# [TRY IT]
Each entry should be returned exactly as written, with no pictures carried over.

[Caption-style text data]
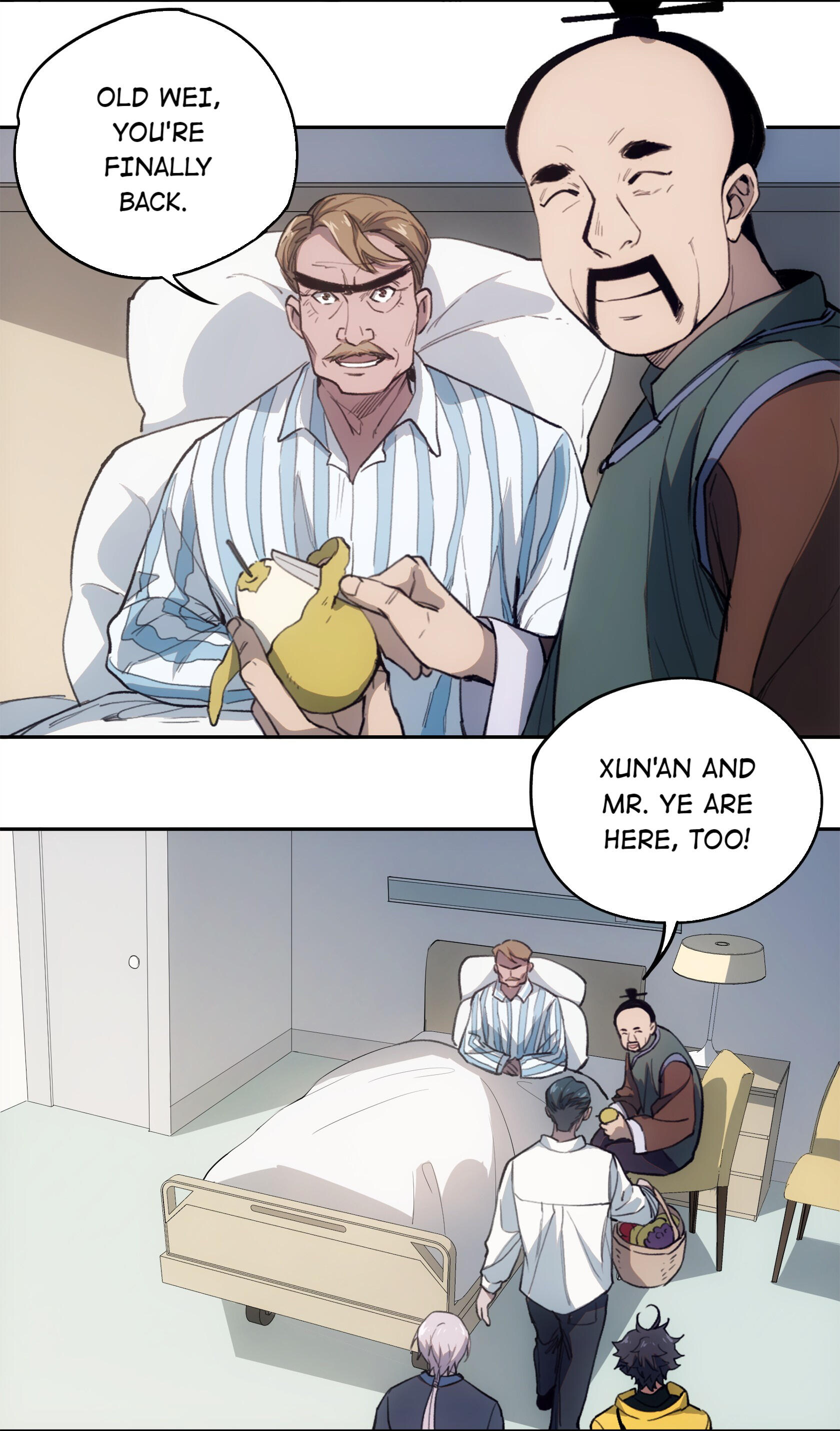 Beholder of the Abyss Chapter 39 - Page 17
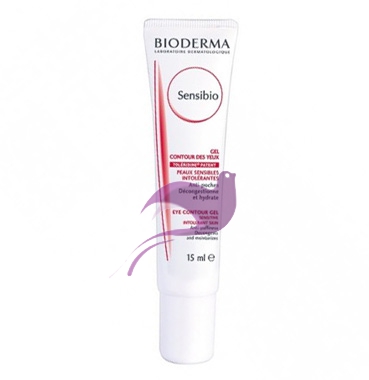 Bioderma Linea Sensibio Eye Contorno Occhi Decongestionante Pelli Sensibili 15ml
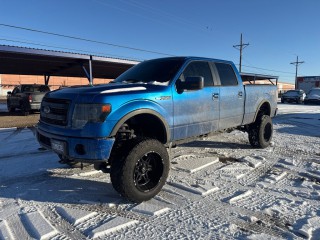 Image for 2014 Ford F-150 Supercrew ID: 7159228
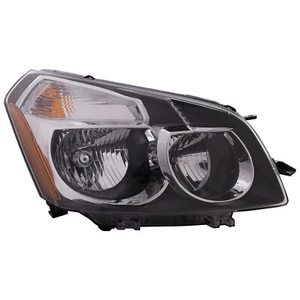 Fits 09-10 Pontiac Vibe Halogen Type Headlight Headlamp Right Passenger Side New - Picture 1 of 5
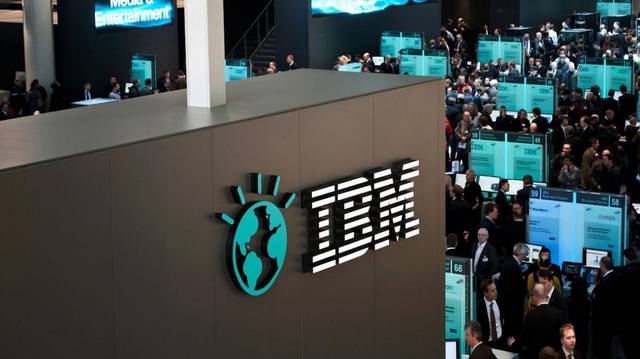 IBM’s profit grows 3% in Q2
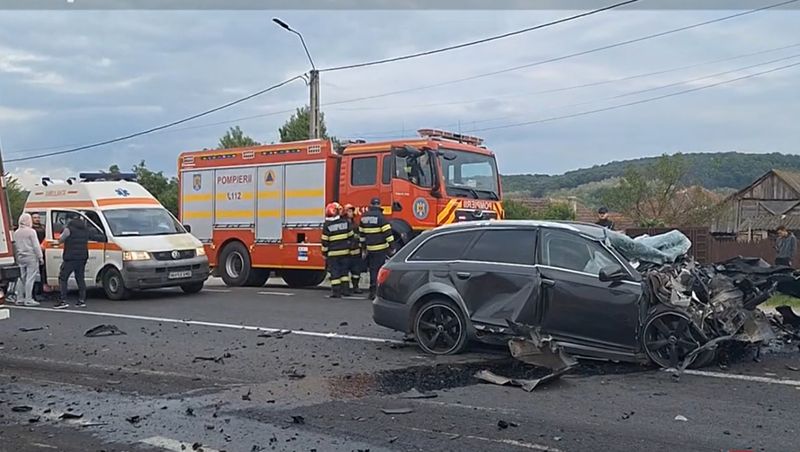 accident mehedinti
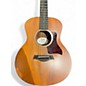Used Taylor GS Mini Mahogany Natural Acoustic Guitar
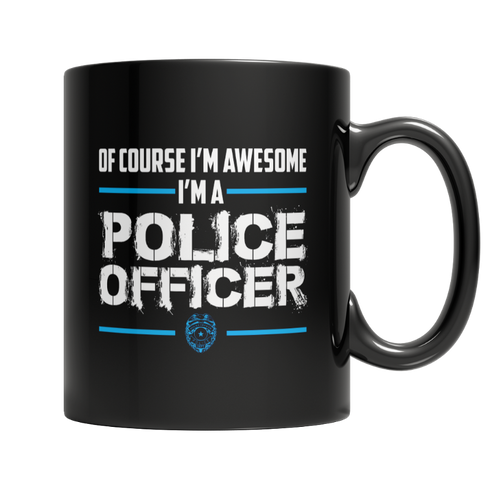 Of Course I'm Awesome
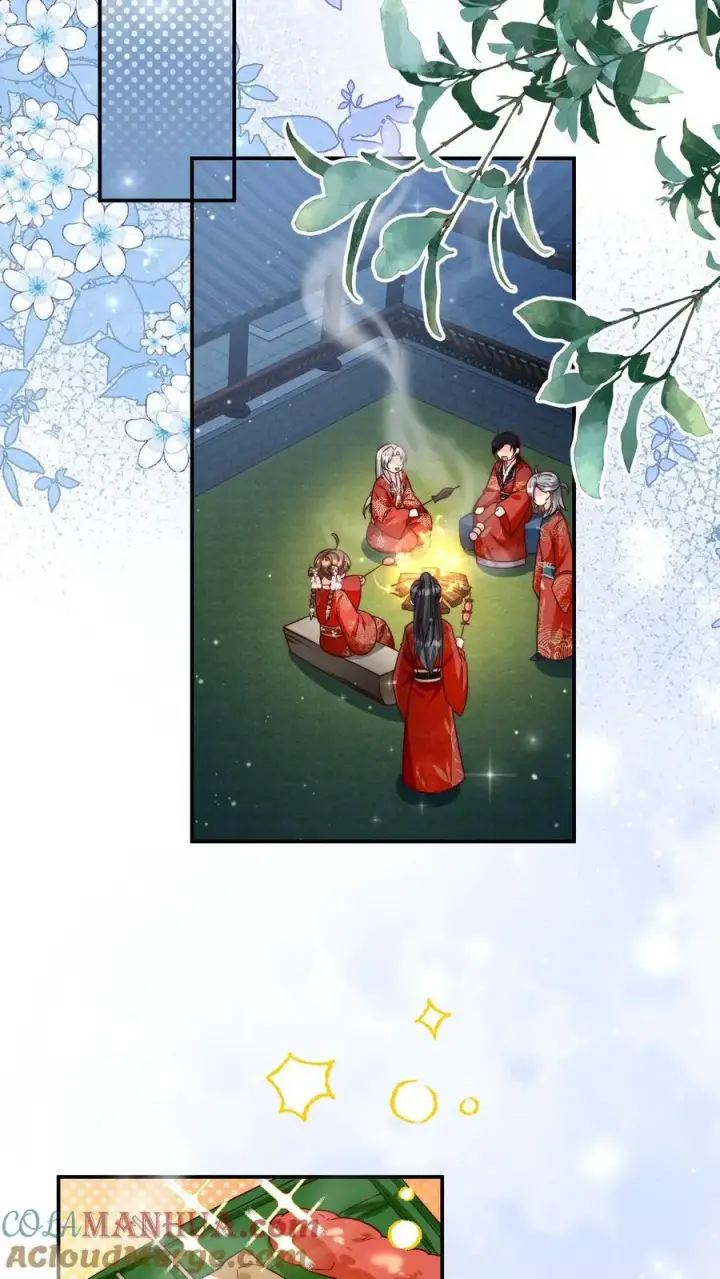 《小师妹明明超强却过分沙雕》第140话 宋寒声变脑残了呢图7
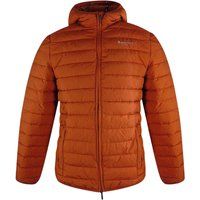 Leichte Steppjacke mit Kapuze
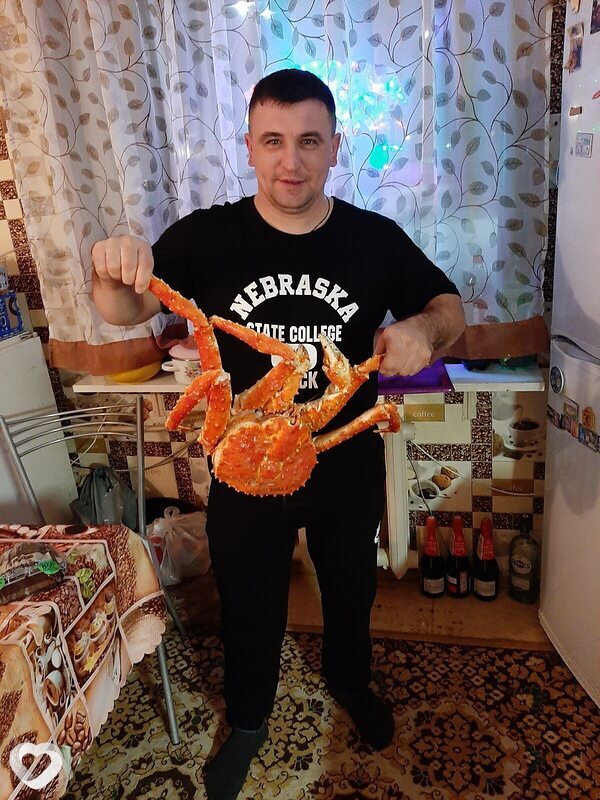 Андрей, 39, Москве — анкета №1173646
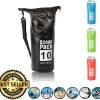 Decopatent® Waterproof Bag - Dry Bag - 10L - Ocean Pack - Dry Sack - Survie Plein Air Backpack - Sacs Secs - Sac De Bateau - Sac De Voile - Zwart 1 Decopatent® Waterproof Bag - Dry Bag - 10L - Ocean Pack - Dry Sack - Survie Plein Air Backpack - Sacs Secs - Sac De Bateau - Sac De Voile - Zwart -Magasin D'Équipement De Plein Air 1200x1116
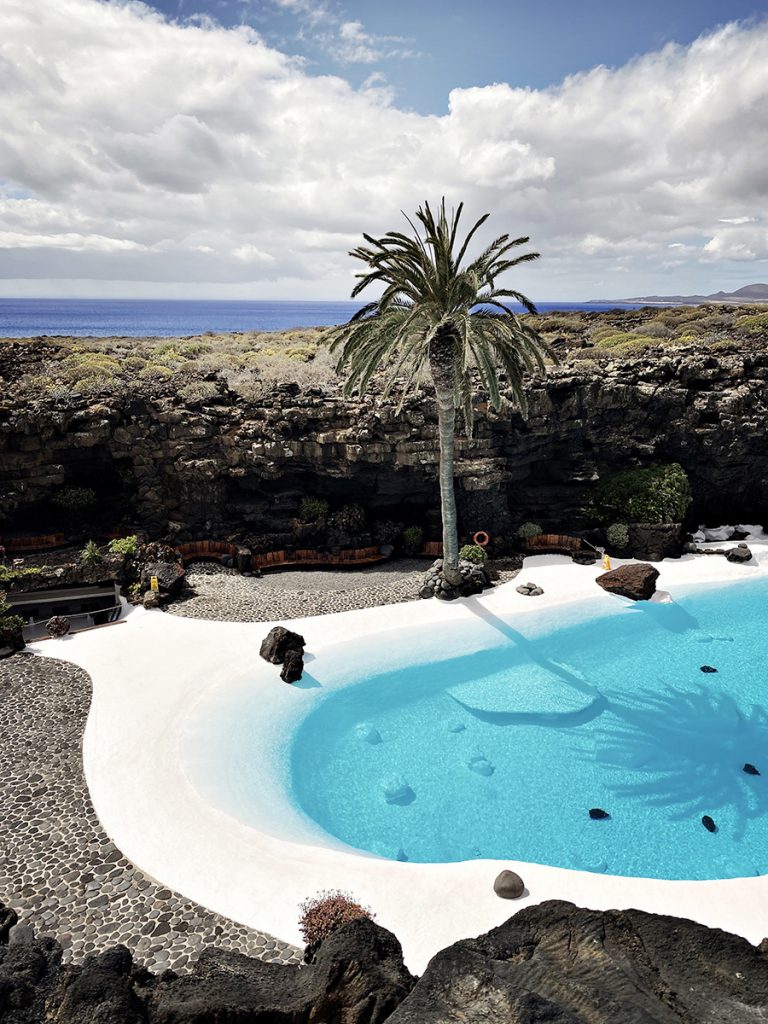 cosa vedere a Lanzarote - jameos del agua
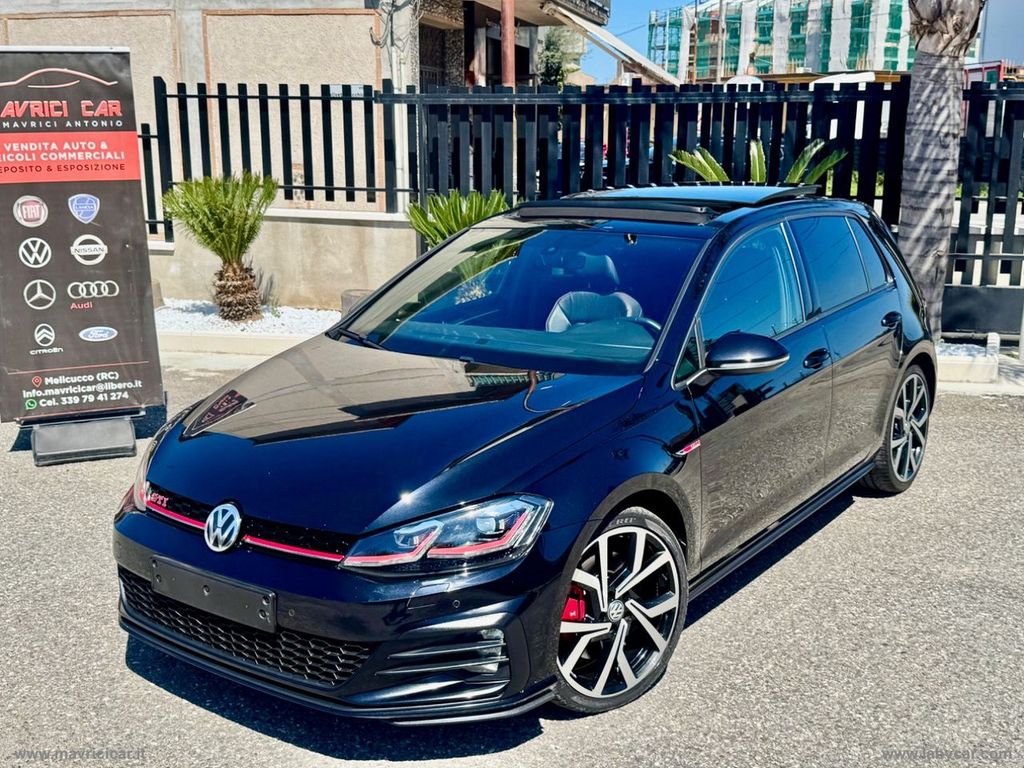 Image of Volkswagen Golf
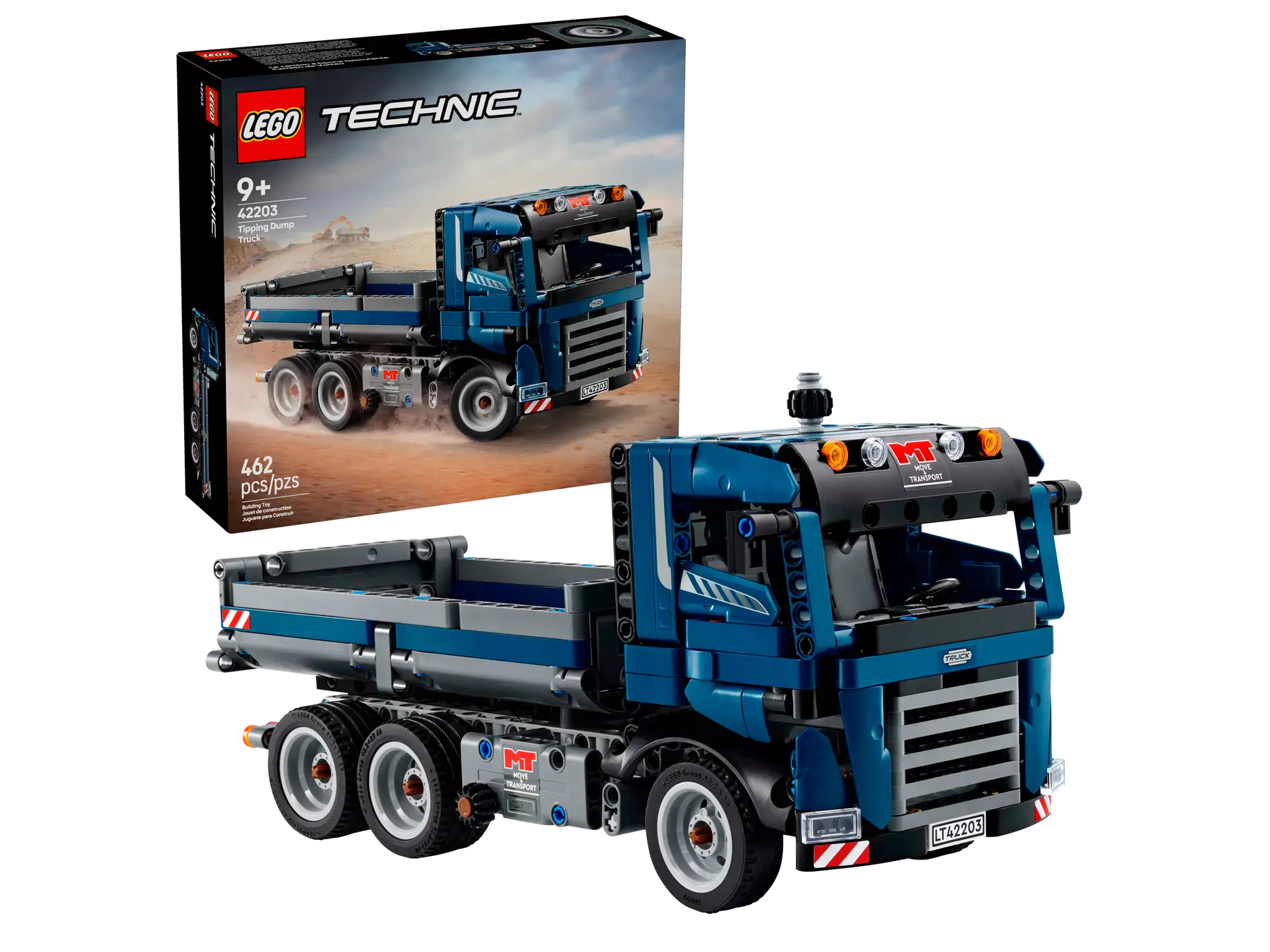 LEGO® Technic Savivartis 42203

# [EXPECTED ANSWER]
 Beholder of the Abyss Chapter 39 - Page 17
 Bioderma Linea Sensibio Eye Contorno Occhi Decongestionante Pelli Sensibili 15ml
 Image for 2014 Ford F-150 Supercrew ID: 7159228
 Fits 09-10 Pontiac Vibe Halogen Type Headlight Headlamp Right Passenger Side New - Picture 1 of 5
 IBM’s profit grows 3% in Q2
 accident mehedinti
Used Taylor GS Mini Mahogany Natural Acoustic Guitar
 Of Course I'm Awesome
 《小师妹明明超强却过分沙雕》第140话 宋寒声变脑残了呢图7
 Leichte Steppjacke mit Kapuze
 Андрей, 39, Москве — анкета №1173646
 Decopatent® Waterproof Bag - Dry Bag - 10L - Ocean Pack - Dry Sack - Survie Plein Air Backpack - Sacs Secs - Sac De Bateau - Sac De Voile - Zwart 1 Decopatent® Waterproof Bag - Dry Bag - 10L - Ocean Pack - Dry Sack - Survie Plein Air Backpack - Sacs Secs - Sac De Bateau - Sac De Voile - Zwart -Magasin D'Équipement De Plein Air 1200x1116
 cosa vedere a Lanzarote - jameos del agua
 Image of Volkswagen Golf
 LEGO® Technic Savivartis 42203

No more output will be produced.